After packing his car with generators, a PA, and speakers on tripods, DeLaughter hit the road with a copy of Salvage Enterprise in hand—and nary a formal invite to actually host any of his guerrilla listening parties. Whether playing amidst the open expanse of Joshua Tree, the cliffs of San Diego, Topanga Canyon, or even a church whose members stepped up after cops nearly confiscated the listening parties’ gear, the month-long tour operated exclusively via social media DMs and DeLaughter’s enthusiasm. For the 58-year-old, having as few as three people show up to a particular listening party had a surprising impact.

“It was like the early days—I'd be in a van for three months at a time with Tripping Daisy, and you go and there's two people out there,” DeLaughter says. “Like I was starting all over again, not really knowing who was going to be there and if they're even into it or not. It was like spreading the word all over again, just doing it in a really different way, where I was wanting people to tune out, get away from the phone, and look at the sky and listen to an album that complemented that environment.”

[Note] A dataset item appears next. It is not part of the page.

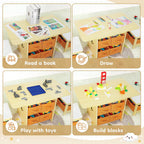 Kids Table and Chair Set: Sturdy with 2 Chairs & 6 Storage Drawers | Wooden Children Activity Desk Group for Drawing Reading Playing - Water Resistant and Easy Clean Furniture Set for Playroom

Whether engaging in the gray legal zone of outdoor listening parties or maintaining the Spree’s regular Texas tour dates, including an annual Dallas Christmas concert streak of over 20 years, DeLaughter admits a consistent impulse drives him—the same one that not only egged the Spree into existence but spurred his first band into action.

“If you listen to Tripping Daisy [lyrics], there's an element of overcoming what life dishes out,” DeLaughter says. “Music's become my vessel to express myself and talk myself through this thing called life. With this band, it becomes more technicolor than anything I've ever done before. I've always used these songs, this record to convince myself of things, of being able to move from point A to B. Nothing's changed. It's just how I'm wired and what I need in order to get me where I need to go.”

Whatever you call them—a band, a collective, a cult, or a bunch of professors and trivia hosts—the Spree is still operating as an act of sonic wonder. A “normal” Spree moment might see a full choir scream-singing, “smiling at the goddess of evil, I learned to fly,” over a bed of horns and amplified guitars, maybe with more dynamism or life-weary survival behind them, but otherwise carrying the same spirit that once blasted out of iPod commercials or toured for David Bowie in the early ‘00s. Count yourself lucky that such a sensation is still around today, still being delivered to your city via a rickety old hockey bus.


The Polyphonic Spree play Bumbershoot’s Mural Stage Sunday, September 1, at 6:25 pm.